About the possibility of replacing payment data with payID

The requirements of the standard apply to applications that enter bank card data. If the application does not enter payment data, but a certain identifier, the application stops processing card data and certification is no longer needed.

In early 2013, we launched the payID project, which allows you to accept payments without entering payment information. The owner of the bank card creates an account in payID, binds a bank card to it, and when making payments on sites accepting payments via PayOnline, he does not enter the full card details, but his payID and CVC \ CVV code.
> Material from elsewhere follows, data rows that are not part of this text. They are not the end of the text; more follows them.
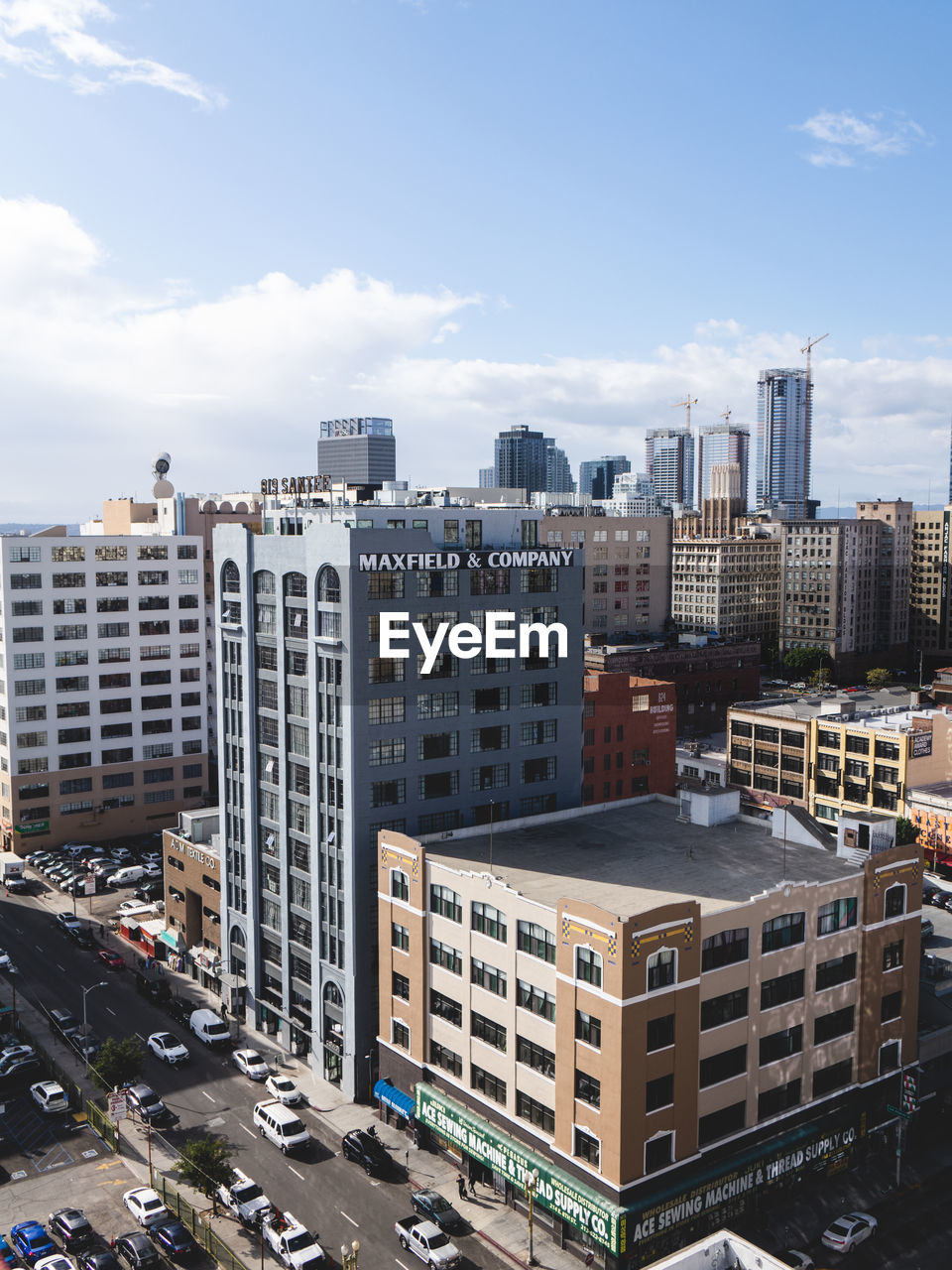 HIGH ANGLE VIEW OF CITY BUILDINGS AGAINST SKY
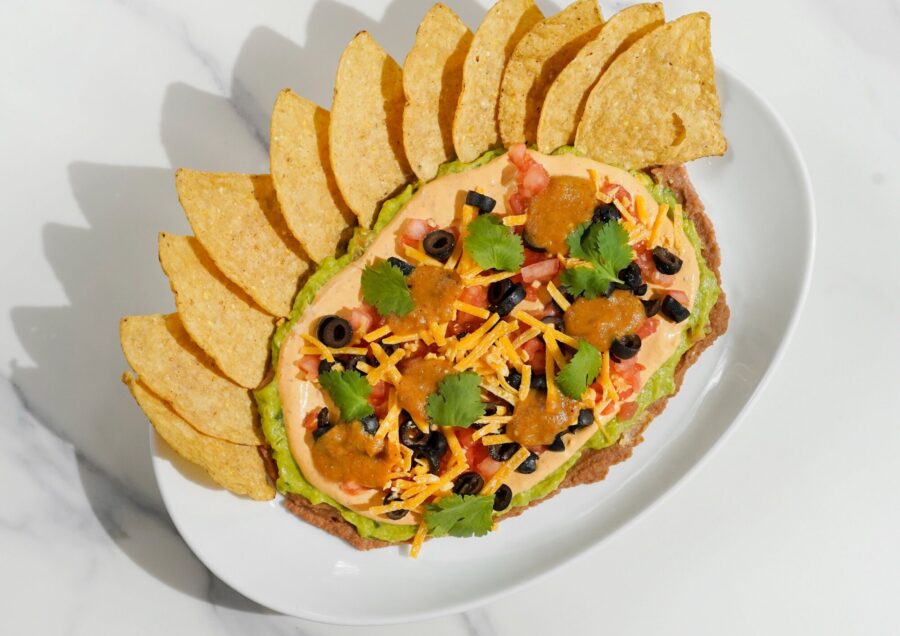 7 layer dip catering menu with tortilla chips for march madness from paramount events in chicago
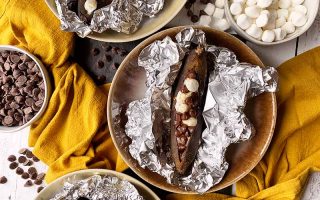 Horizontal image of a plate with a stuffed roasted whole fruit in aluminum foil next to yellow towels and chocolate chips.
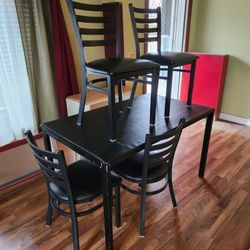 Black Metal Kitchen table with vinyl top with 4 metal chairs with vinyl seats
This allows you to remove the responsibility for processing bank card data from the online store or application, and to the payer - to ensure 100% security of your card data and, accordingly, the money in your account.

If you embed payID payments into the application, you can accept card payments without built-in payment forms, passing PA-DSS certification, fear and reproach.

Pro Future Payment SDK


As we wrote above, we launched the SDK for Windows at the end of this summer, the product is still fresh and is under active development. In general, the sphere of accepting card payments in mobile applications is very young in itself. To the extent that security standards are still being formed in it, it is by no means controlled as tightly as standard e-commerce.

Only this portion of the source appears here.